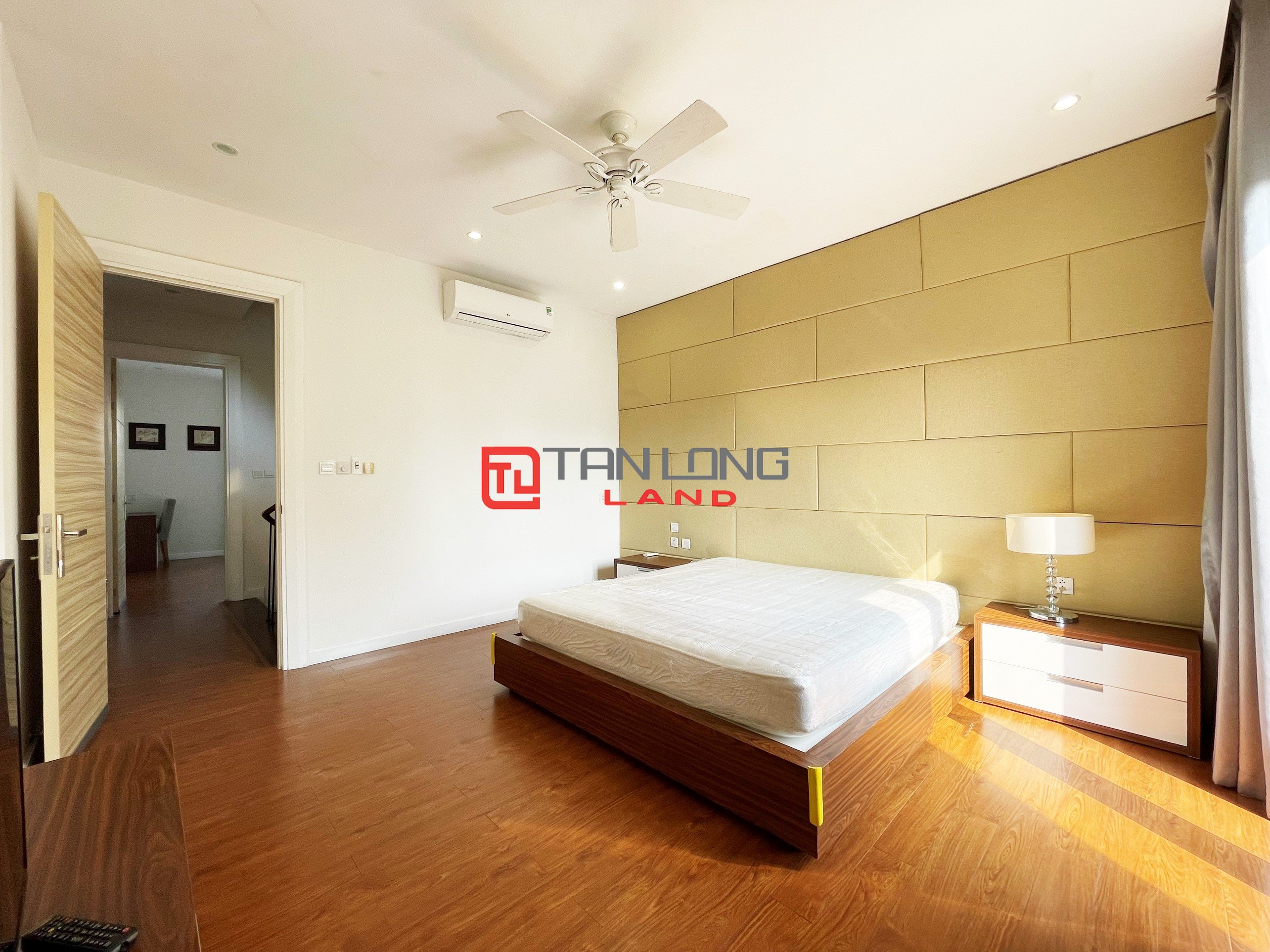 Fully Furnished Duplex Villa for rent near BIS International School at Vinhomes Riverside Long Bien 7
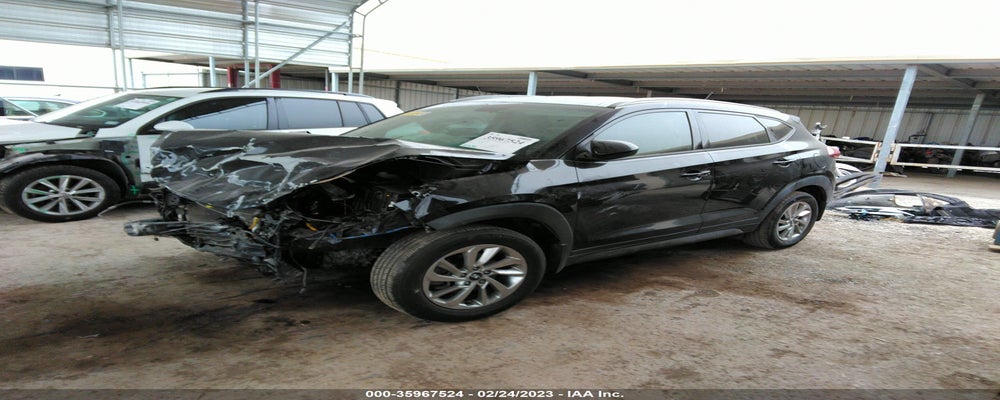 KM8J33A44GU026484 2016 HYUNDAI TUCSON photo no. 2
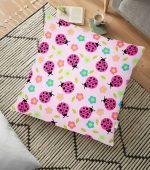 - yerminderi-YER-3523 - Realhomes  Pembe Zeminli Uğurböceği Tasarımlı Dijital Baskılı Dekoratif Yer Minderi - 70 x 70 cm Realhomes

→ **WORK TASK**
Repeat the material exactly. Skip the images.

→ **EXERCISE RESPONSE**
 Fully Furnished Duplex Villa for rent near BIS International School at Vinhomes Riverside Long Bien 7
 KM8J33A44GU026484 2016 HYUNDAI TUCSON photo no. 2
 - yerminderi-YER-3523 - Realhomes  Pembe Zeminli Uğurböceği Tasarımlı Dijital Baskılı Dekoratif Yer Minderi - 70 x 70 cm Realhomes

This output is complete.